● **Exercise data**
* * *
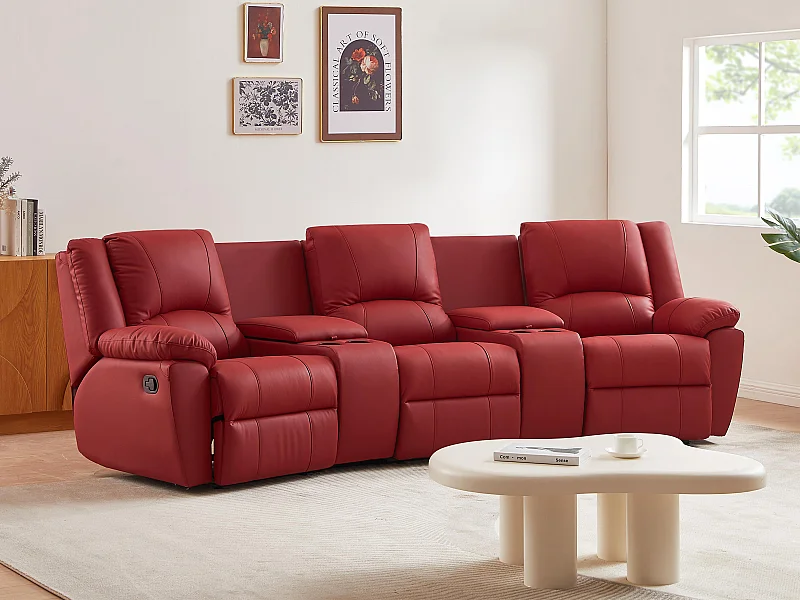Sofá relax 3 plazas de piel AROMA - Rojo
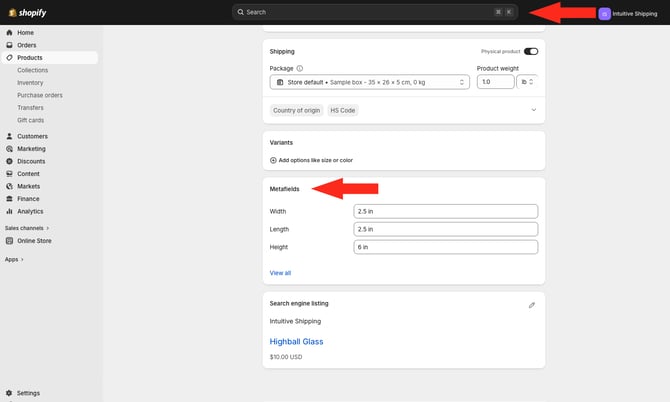 IS - Shopify -  Edit Product Dimension Metafields
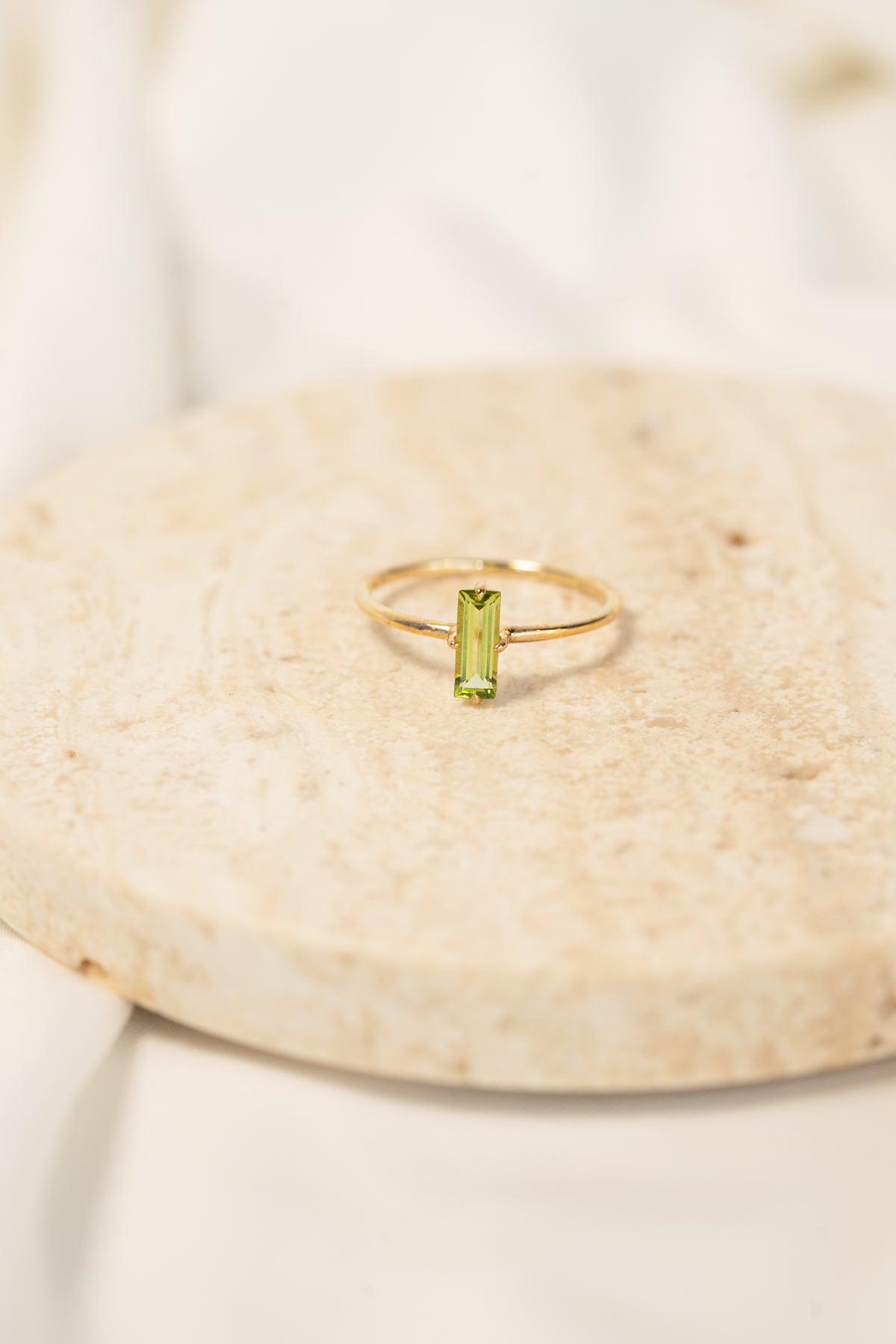 Baguette Peridot Ring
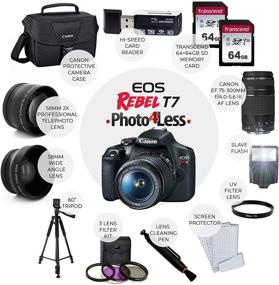 img 1 attached to Canon EOS Rebel T7 DSLR Camera Bundle: EF-S 18-55mm & 75-300mm Lens, Shoulder Bag, 2x64GB Memory Card, Wide Angle & Telephoto Lens, Slave Flash, Tripod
* * *
● **Exercise directions**
Write out every line above exactly as it is, leaving out the pictures.

● **Task output**
Sofá relax 3 plazas de piel AROMA - Rojo
 IS - Shopify -  Edit Product Dimension Metafields
 Baguette Peridot Ring
 img 1 attached to Canon EOS Rebel T7 DSLR Camera Bundle: EF-S 18-55mm & 75-300mm Lens, Shoulder Bag, 2x64GB Memory Card, Wide Angle & Telephoto Lens, Slave Flash, Tripod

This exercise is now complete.